Let's make sure you're ready for it — and for everything that comes after.

The Mental Shift From Baker to Business Owner

This shift is subtler than it sounds, and it matters more than almost anything practical in this guide.

As a home baker, your relationship with bread is personal and forgiving. You make what you feel like making. You adjust recipes freely. If a batch doesn't turn out perfectly, you eat it yourself or give it away. Failure is private and low-stakes. The whole experience is defined by your relationship with the craft.

As a business owner, a customer has paid money and is counting on you. Their expectations aren't yours to manage after the fact — they're yours to meet in advance. The loaf that you'd consider "acceptable" for your own breakfast needs to be the loaf someone else is proud to serve at their dinner table. Your 5 AM wake-up isn't optional when there are orders on the board. And the bread you make on a tired Thursday needs to be as good as the bread you made on a motivated Saturday.

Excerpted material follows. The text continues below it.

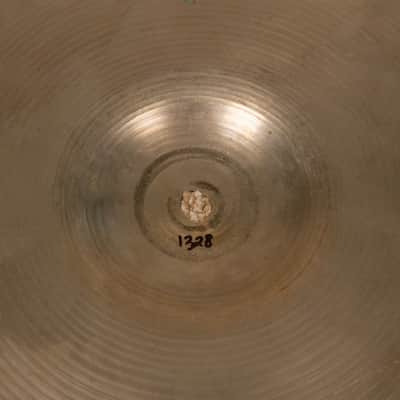 Vintage 18" Paiste Ludwig Standard Crash Cymbal 1328g image 6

This doesn't mean the joy goes away — far from it. It means you're taking your craft seriously enough to hold it to a real standard. That's a form of respect for the work, and most bakers find it deepens their relationship with baking rather than diminishing it. But the shift is real, and acknowledging it upfront saves you from being blindsided by the responsibility that comes with that first paid order.

The other mindset shift: you are not just an artisan. You are a systems thinker. Your job is to build a process that produces consistently excellent results, not to heroically will each individual loaf into existence. Write down your process. Document your timelines. Know your numbers. The creative magic of baking is preserved — and amplified — when it operates inside a reliable system.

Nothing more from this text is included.